**Your assignment**: Print out the data exactly, keeping every image out of it.

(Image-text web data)
◆ ◆ ◆ ◆ ◆ ◆ ◆

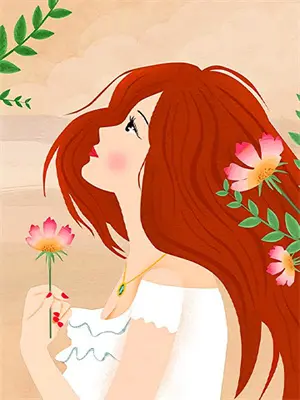 优秀作文精选初中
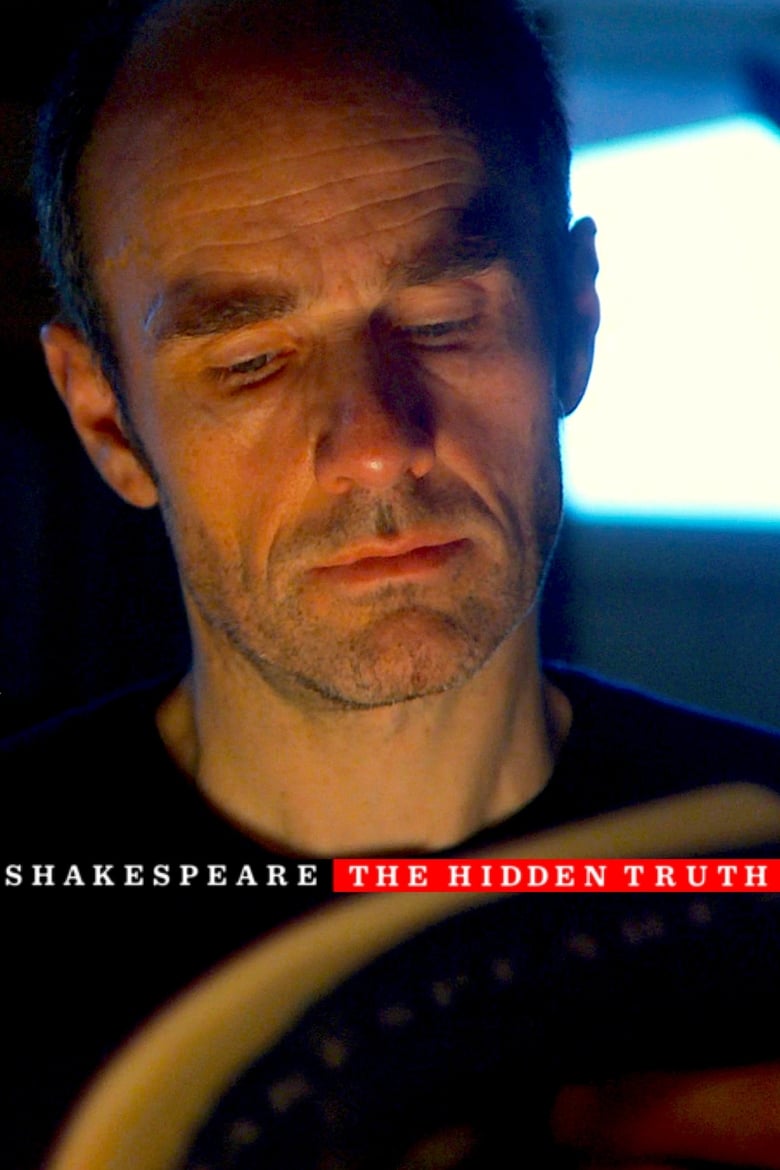 shakespeare-the-hidden-truth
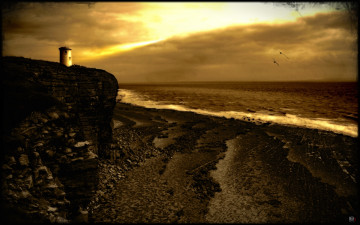 Картинка природа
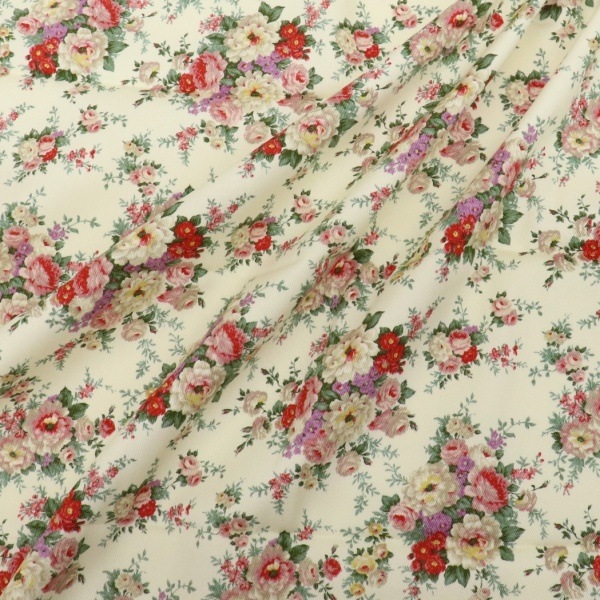 ���� �ĥ���ץ��� �ե���  ��50cm���åȥ�������GH4326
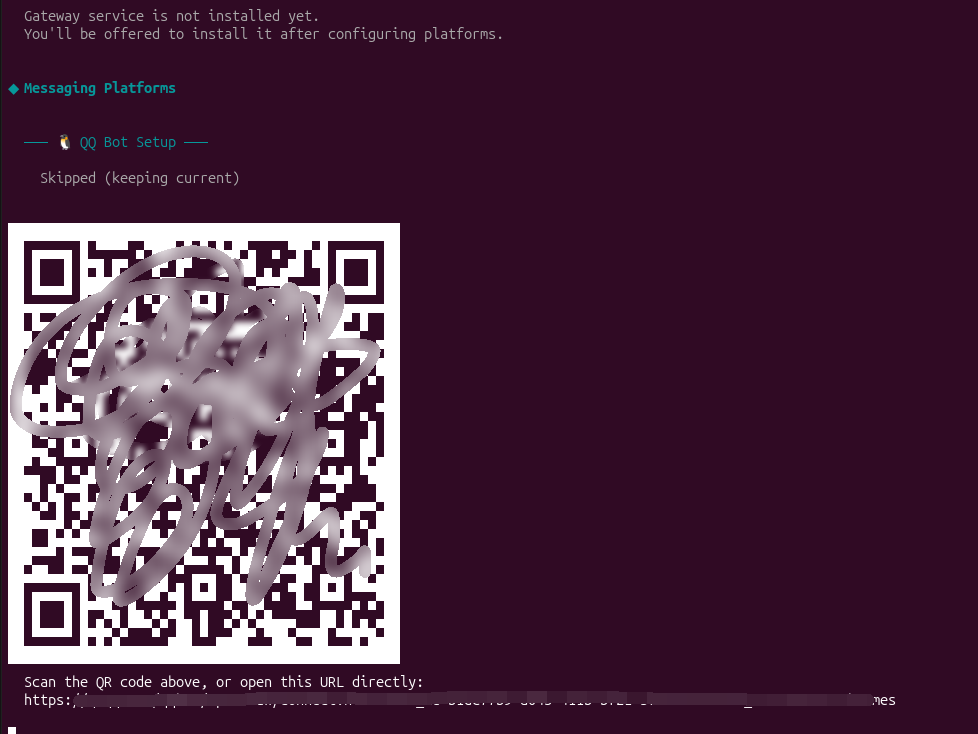 image-20260617110144546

◆ ◆ ◆ ◆ ◆ ◆ ◆

**Result for this task**:
 优秀作文精选初中
 shakespeare-the-hidden-truth
 Картинка природа
 ���� �ĥ���ץ��� �ե���  ��50cm���åȥ�������GH4326
 image-20260617110144546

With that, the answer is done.